- Problem -
Using the listing below, set down exactly the lines starting at the line that contains "BDSM Sex Dildo" and ending at the line that contains "Polo Ralph Lauren", both included, and no others.

- Source records -
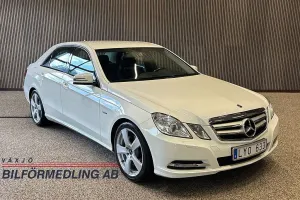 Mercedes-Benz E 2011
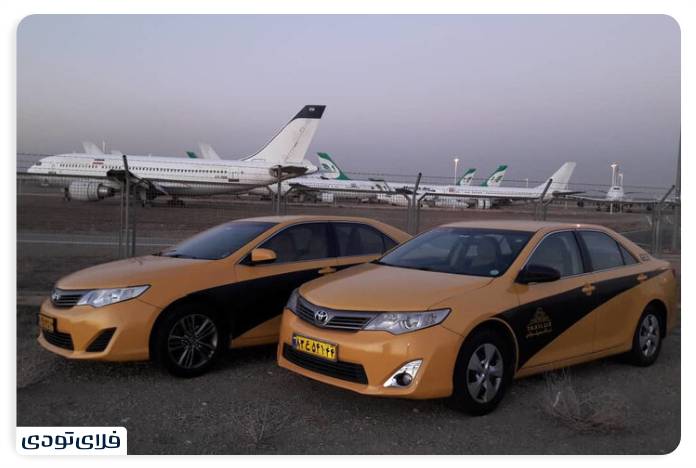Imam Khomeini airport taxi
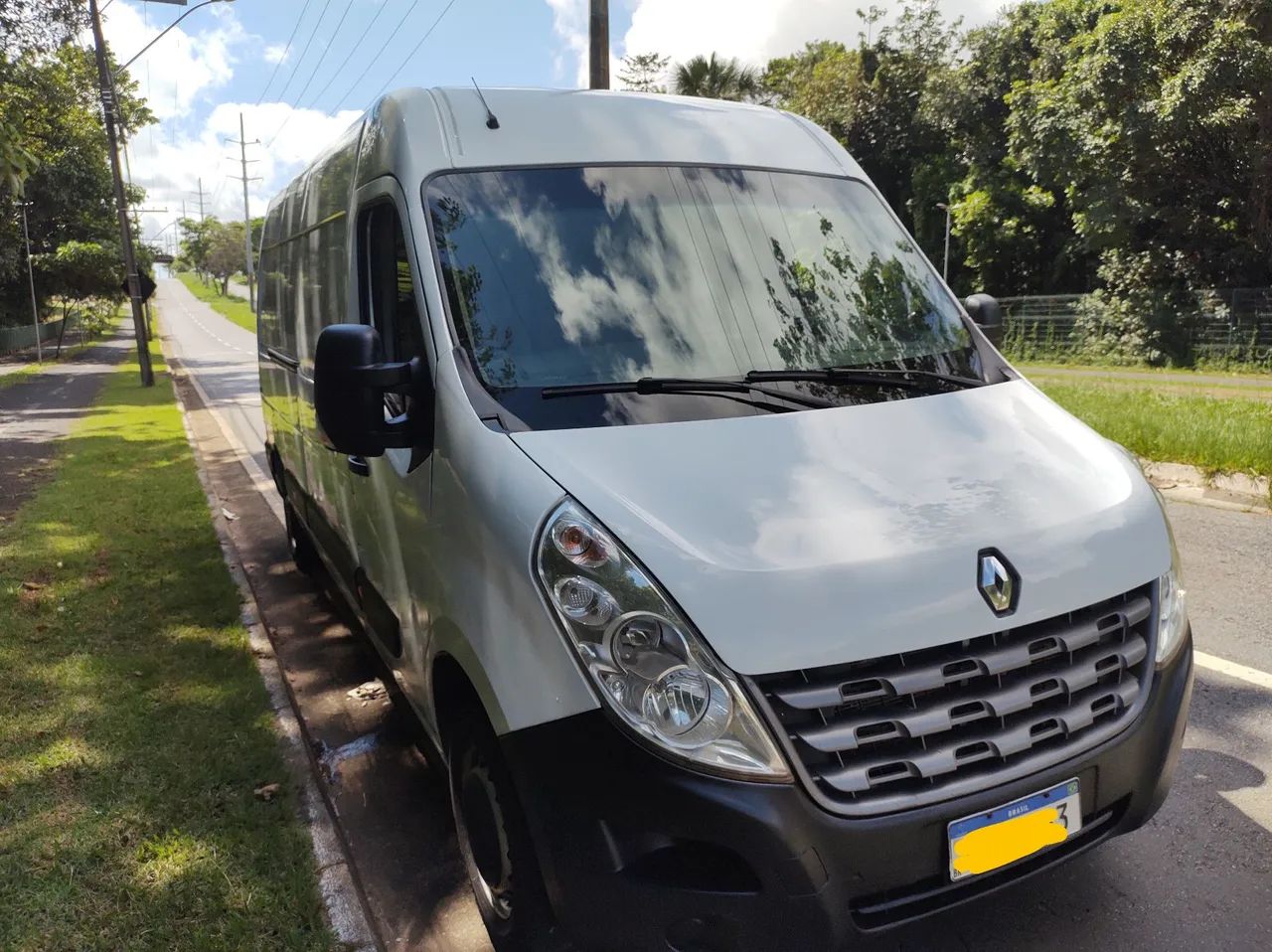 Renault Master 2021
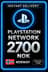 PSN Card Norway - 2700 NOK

...

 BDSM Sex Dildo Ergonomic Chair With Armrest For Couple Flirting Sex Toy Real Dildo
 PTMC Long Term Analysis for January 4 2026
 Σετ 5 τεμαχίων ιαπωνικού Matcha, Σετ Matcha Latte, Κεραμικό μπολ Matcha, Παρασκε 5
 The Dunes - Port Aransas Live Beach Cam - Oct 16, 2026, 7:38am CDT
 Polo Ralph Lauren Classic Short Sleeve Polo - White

- Result for this exercise -
 BDSM Sex Dildo Ergonomic Chair With Armrest For Couple Flirting Sex Toy Real Dildo
 PTMC Long Term Analysis for January 4 2026
 Σετ 5 τεμαχίων ιαπωνικού Matcha, Σετ Matcha Latte, Κεραμικό μπολ Matcha, Παρασκε 5
 The Dunes - Port Aransas Live Beach Cam - Oct 16, 2026, 7:38am CDT
 Polo Ralph Lauren Classic Short Sleeve Polo - White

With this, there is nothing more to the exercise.